Daily images haunted me of what it would be like living here in the middle ages, keeping watch over the surroundings of Rome day and night, and also what it might have been like for the Prince who lived here. I am sure his family lived a luxurious life by comparison to the rest of the population. But was it really that luxurious by our standards?
Is this my Imagination?
You see, I was trained to try and piece together history from potshards, and other remains. Although I did not go on an archaeological dig in Roccamassima this May, I did receive visuals, and flashbacks into what seemed to be the past as I walked the town. As I lay there on the newly installed terracotta, I had brief and sudden glimpses into the rich past. Perhaps it was only my imagination wildly at play. Perhaps they were open doorways that when silent and still enough, one can hear and see. Regardless, it was a moving experience.
I was waiting to encounter spirits of those who lived here, and instead on one specific night, I found myself communing with the spirits of horses that are said to have inhabited the space I currently renovated. I could sense that they seemed to have been well cared for and extremely content.
As I further explored the streets of Roccamassima, I noticed there used to be a communal oven where everyone in the town came to cook their meals. I began to imagine the women of the town meeting three times a day, perhaps to share stories and gossip as they prepared their meals. I recalled my own grandmother sending loads of food to be cooked at a similar oven in my home town of Tripoli, Lebanon.
Living like this for two weeks, I could really sense what it was like to live back then. Especially because of the harsh weather, and the lack of electricity and water in my place. It brought back the realization that I had had over three decades ago, that we are so privileged to be living in these times. To live in these times means to realize the inequality, the discrimination, the horrors and atrocities that still inflict human kind today. Turning a blind eye and numbing our self will not make things change.
This experience took me many years back, back to living and witnessing some intense times during the Lebanese civil War. A part of my life I usually do not talk about with much detail. During this war, we lived with barely any of the comforts of everyday life. We had no electricity for days, no for months, and years. Showers were taken in small buckets of bottled water that we warmed up over a gas stove. Sometimes just icy water would do. Studying for exams by candle light until the late hours of the night…
Yes, all these things may seem like hardships, but you know what? I have come to see that there is so much beauty in such simplicity. This simplicity is what helps us appreciate nature and her cycles. It helps us tune into the elements and understand them.
My Goddess! I called this in. When I decided to focus my work, my yoga, and psycho-somatically informed creative trauma work on the elements, I called this in.
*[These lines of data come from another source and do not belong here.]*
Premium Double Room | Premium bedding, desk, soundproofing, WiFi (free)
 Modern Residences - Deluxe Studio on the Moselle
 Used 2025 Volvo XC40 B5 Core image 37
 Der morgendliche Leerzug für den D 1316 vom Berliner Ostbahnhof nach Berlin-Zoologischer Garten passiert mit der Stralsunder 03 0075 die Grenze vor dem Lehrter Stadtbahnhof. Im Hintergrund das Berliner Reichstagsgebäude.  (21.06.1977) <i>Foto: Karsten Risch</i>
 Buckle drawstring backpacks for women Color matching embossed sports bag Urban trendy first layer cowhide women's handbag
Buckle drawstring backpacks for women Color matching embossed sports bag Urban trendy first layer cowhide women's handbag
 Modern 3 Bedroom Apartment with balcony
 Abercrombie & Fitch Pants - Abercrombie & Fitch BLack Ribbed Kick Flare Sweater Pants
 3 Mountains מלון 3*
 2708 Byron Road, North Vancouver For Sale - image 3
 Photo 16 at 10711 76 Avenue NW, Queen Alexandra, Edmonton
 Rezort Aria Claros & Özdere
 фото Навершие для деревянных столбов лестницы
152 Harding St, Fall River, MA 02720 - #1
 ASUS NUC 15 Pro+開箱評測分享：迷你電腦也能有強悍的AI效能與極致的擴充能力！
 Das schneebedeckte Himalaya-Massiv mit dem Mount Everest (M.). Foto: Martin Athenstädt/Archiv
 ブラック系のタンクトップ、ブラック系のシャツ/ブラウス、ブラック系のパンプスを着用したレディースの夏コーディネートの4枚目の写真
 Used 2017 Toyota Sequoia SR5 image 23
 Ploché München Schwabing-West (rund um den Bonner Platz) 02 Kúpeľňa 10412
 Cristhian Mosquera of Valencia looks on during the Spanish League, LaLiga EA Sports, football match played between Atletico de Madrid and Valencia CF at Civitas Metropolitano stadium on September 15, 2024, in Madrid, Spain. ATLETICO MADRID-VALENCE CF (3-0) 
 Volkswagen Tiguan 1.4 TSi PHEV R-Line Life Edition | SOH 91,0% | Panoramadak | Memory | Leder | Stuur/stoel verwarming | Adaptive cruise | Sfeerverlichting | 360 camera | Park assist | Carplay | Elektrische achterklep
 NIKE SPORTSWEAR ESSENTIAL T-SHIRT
I wanted to focus on working with the five archetypal elements and I summoned them all to me on top of this mountain. It feels like this was merely an introduction, a beginning of the work that will follow. Earth, Fire, Water, Air, and Ether stopped by, each in their own special way to let me know they heard the call. They also made sure I know, it is on their terms, not mine. I quickly surrendered to this truth and am humbled they showed up in this way.
My yoga teachings and flows will be specifically focused and informed by these elements from here and on. In Ayurveda they are referred to as the panchamahabutas. It cannot be any other way. It was on top of this mountain, overcast with misty clouds, wind howling, rain pouring day and night, and the stove burning where I wrote the curriculum for my hopefully soon to be certified yoga school offerings. There is so much depth to this and I have only just barely began to scratch the surface.
Journey to Roccamassima one day? The five elements will be there waiting. Are you in?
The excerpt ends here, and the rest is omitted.